1 files changed, 100 insertions, 173 deletions
diff --git a/parsers/logbooks.py b/parsers/logbooks.py
index d615930..6a156af 100644
--- a/parsers/logbooks.py
+++ b/parsers/logbooks.py
@@ -1,8 +1,8 @@
 import csv
-import datetime
+from  datetime import datetime, date, time
 import os
 import re
-import time
+#import time
 import pickle
 import shelve
 
@@ -26,8 +26,6 @@ todo='''
 
 - refactor everything with some urgency, esp. LoadLogbookForExpedition()
 
-- delete all the autoLogbooKEntry stuff when we are absolutely certain what it does
-
 - Logbooks log.htm exist for 1983, 84, 85, 87, 88, 89 but have no full-working parser, 
   or it is broken/incomplete and need hand-editing.
 
@@ -46,26 +44,35 @@ todo='''
 - We should ensure logbook.html is utf-8 and stop this crap:             
             file_in = open(logbookfile,'rb')
             txt = file_in.read().decode("latin1")
+            
+- this is a slow and uncertain function:  cave = getCaveByReference(caveRef)
 '''
 
 logentries = [] # the entire logbook for one year is a single object: a list of entries
 noncaveplaces = [ "QMplaceholder", "Journey", "Loser Plateau", "UNKNOWN", 'plateau', 
         'base camp', 'basecamp', 'top camp', 'topcamp' ]
-logdataissues = {}
+logdataissues = TROG['issues']['logdataissues']
 trips ={}
 
 
 #
 # the logbook loading section
 #
-def GetTripPersons(trippeople, expedition, logtime_underground, tid="!"):
+def set_trip_id(year, seq):
+    tid= f"{year}.s{seq:02d}"
+    return tid
+
+    
+def GetTripPersons(trippeople, expedition, logtime_underground, tid=None):
     res = [ ]
     author = None
     round_bracket_regex = re.compile(r"[\(\[].*?[\)\]]")
-    if tid =="!":
-        tid = expedition.year + "." + tripperson
+    #print(f'# {tid}')
+       
     for tripperson in re.split(r",|\+|&amp;|&(?!\w+;)| and ", trippeople):
         tripperson = tripperson.strip()
+        if not tid:
+            tid = expedition.year + "." + tripperson + datetime.now().strftime("%S%f") # no good. Should be getting the tid
         mul = re.match(r"<u>(.*?)</u>$(?i)", tripperson)
         if mul:
             tripperson = mul.group(1).strip()

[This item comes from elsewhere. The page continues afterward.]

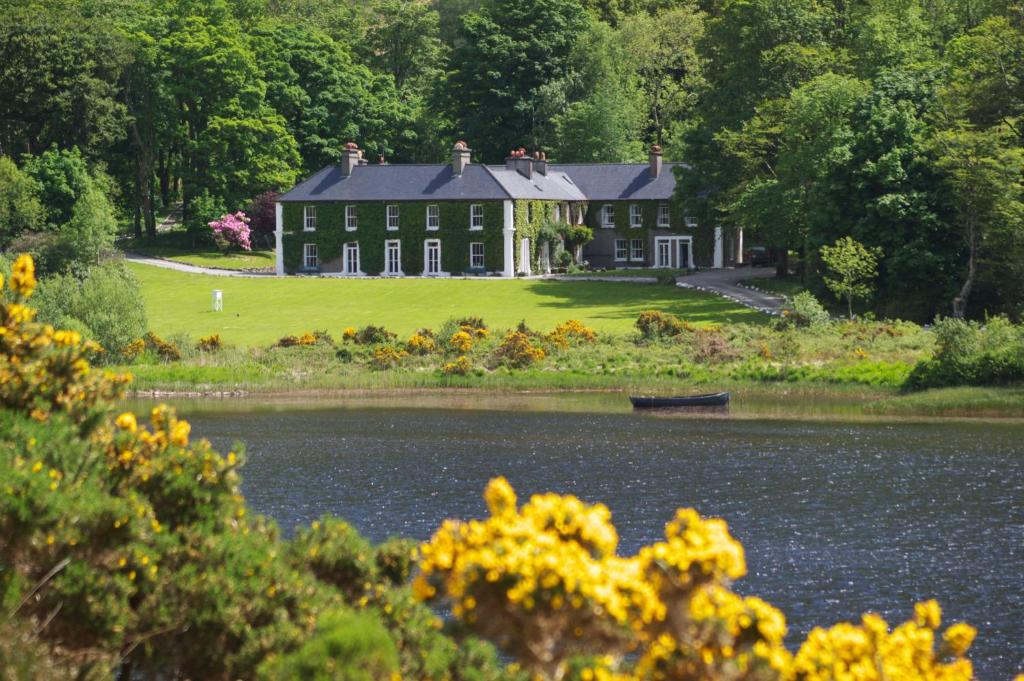 a large house with a lake in front of it at Delphi Lodge in Leenaun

@@ -86,23 +93,24 @@ def GetTripPersons(trippeople, expedition, logtime_underground, tid="!"):
         author = res[-1][0]
     return res, author
 
-def EnterLogIntoDbase(date, place, title, text, trippeople, expedition, logtime_underground, entry_type="wiki", tid="!"):
+def EnterLogIntoDbase(date, place, title, text, trippeople, expedition, logtime_underground, entry_type="wiki", tid=None):
     """ saves a logbook entry and related persontrips 
     Does NOT save the expeditionday_id  - all NULLs. why?
     """
     try:
         trippersons, author = GetTripPersons(trippeople, expedition, logtime_underground, tid=tid)
     except:
-        message = " ! - Skipping logentry: %s - GetTripPersons FAIL in year '%s'" % (title, expedition.year)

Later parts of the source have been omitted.